Question

use the horizontal - line test to determine whether each function f has an inverse function. if so, draw a rough sketch of ( f^{-1} ) by reflecting f across ( y = x ). 8. (with a graph of a function f)

Explanation:

Step1: Apply Horizontal - Line Test

The horizontal - line test states that a function \(y = f(x)\) has an inverse function if and only if no horizontal line intersects the graph of \(f\) more than once. For the given graph of the function \(f\), we observe the graph. The graph of \(f\) is a curve that is strictly increasing (as \(x\) increases, \(y\) increases) and passes the horizontal - line test because any horizontal line will intersect the graph at most once. So, the function \(f\) is one - to - one and thus has an inverse function \(f^{-1}\).

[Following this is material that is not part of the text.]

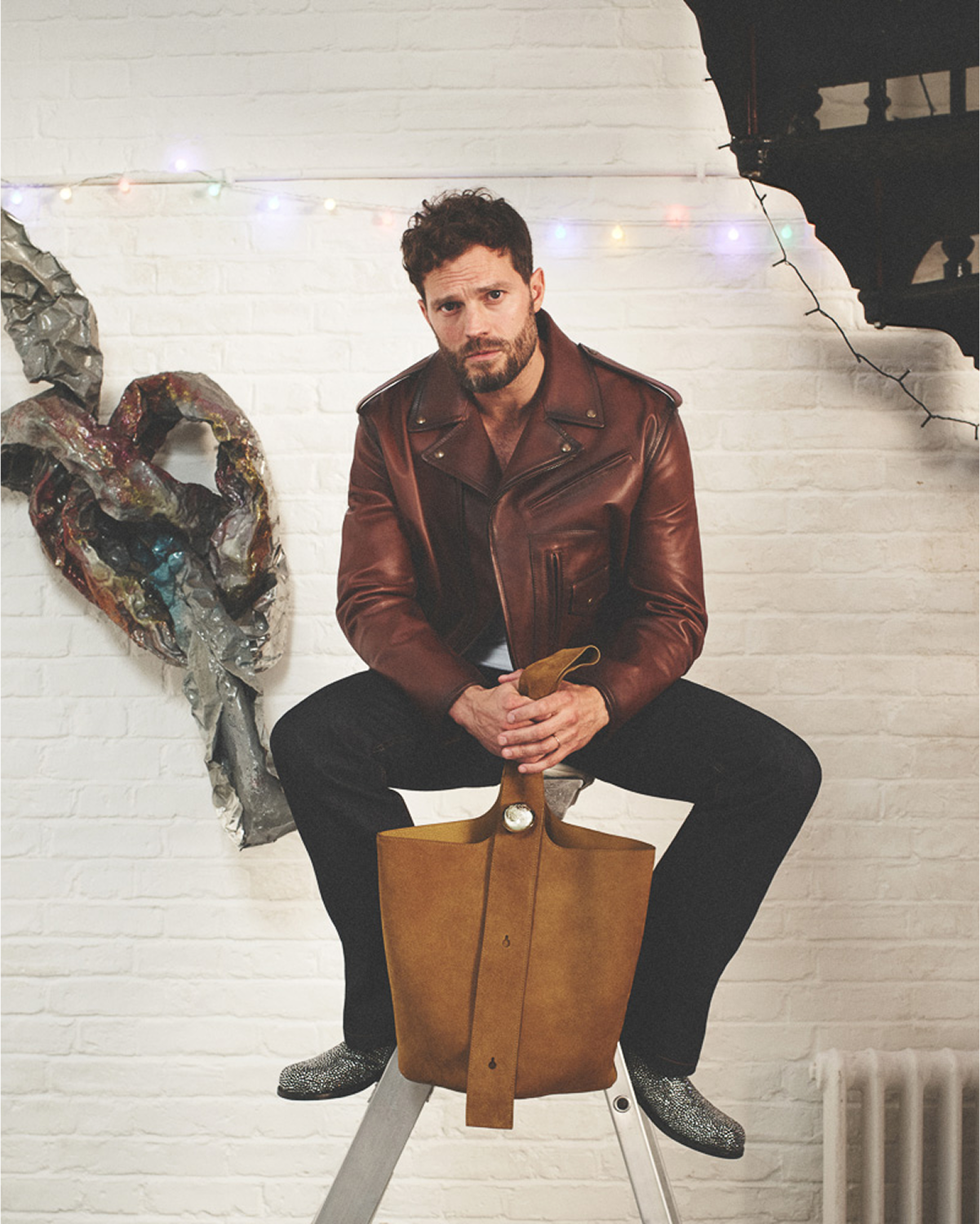 Премия Craft Prize и 50 оттенков Джейми Дорнана: чем запомнится эпоха Джонатана Андерсона в Loewe (фото 16)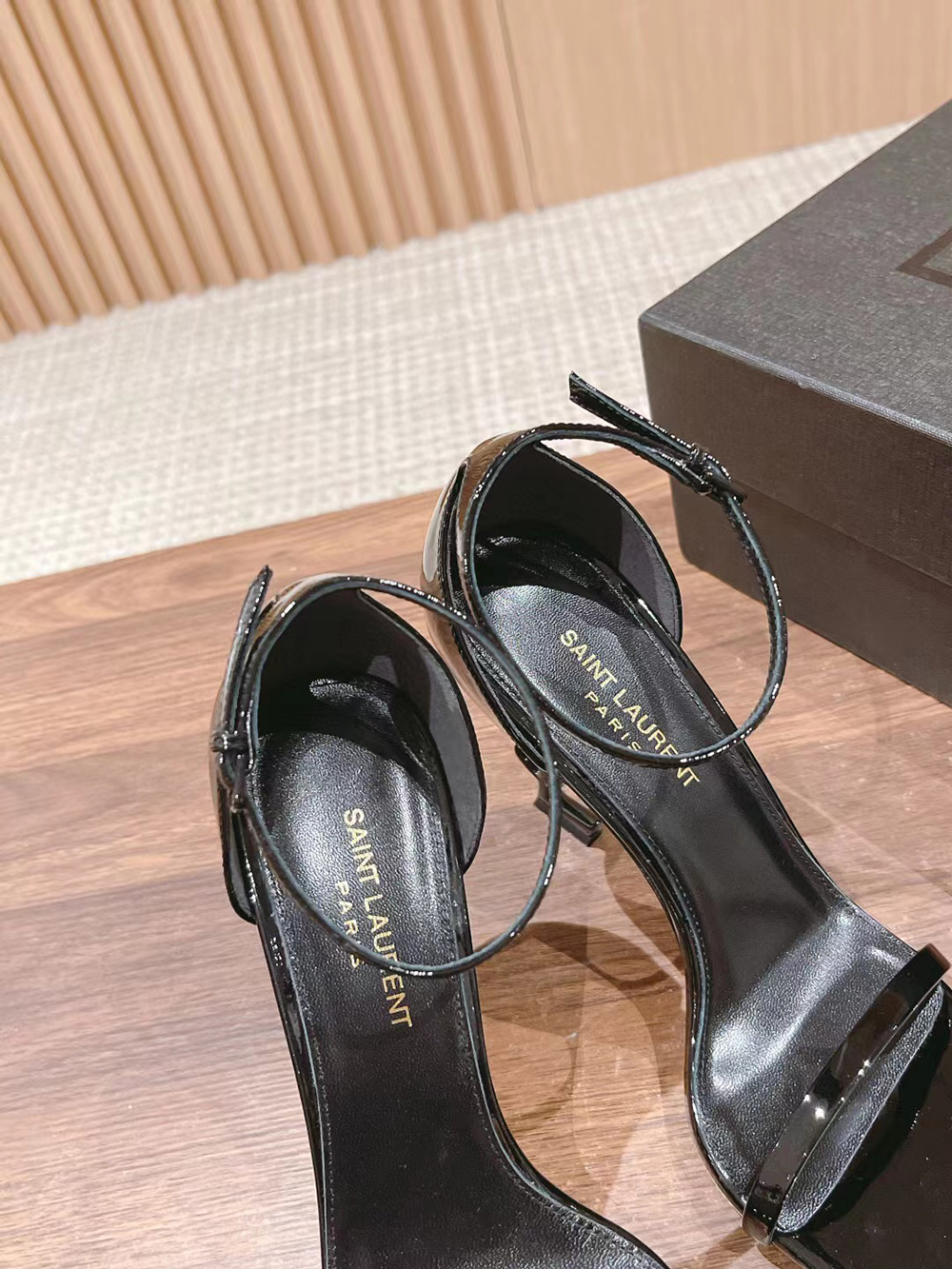 Sa**t Lau*nt opyum sandals in patent leather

Step2: Reflect the Graph across \(y = x\)

To sketch the graph of \(f^{-1}\), we use the property that the graph of an inverse function \(f^{-1}\) is the reflection of the graph of \(f\) across the line \(y=x\). For any point \((a,b)\) on the graph of \(f\), the point \((b,a)\) will be on the graph of \(f^{-1}\). So, we take key points on the graph of \(f\) (for example, if the graph of \(f\) passes through the origin \((0,0)\), which it seems to do from the sketch, then \((0,0)\) will also be on \(f^{-1}\) since reflecting \((0,0)\) across \(y = x\) gives \((0,0)\)). We then reflect the entire curve of \(f\) across the line \(y=x\) to get the rough sketch of \(f^{-1}\).

Answer:

The function \(f\) passes the horizontal - line test (is one - to - one), so it has an inverse function. To sketch \(f^{-1}\), reflect the graph of \(f\) across the line \(y = x\). The rough sketch of \(f^{-1}\) will be the mirror image of \(f\)'s graph with respect to the line \(y=x\).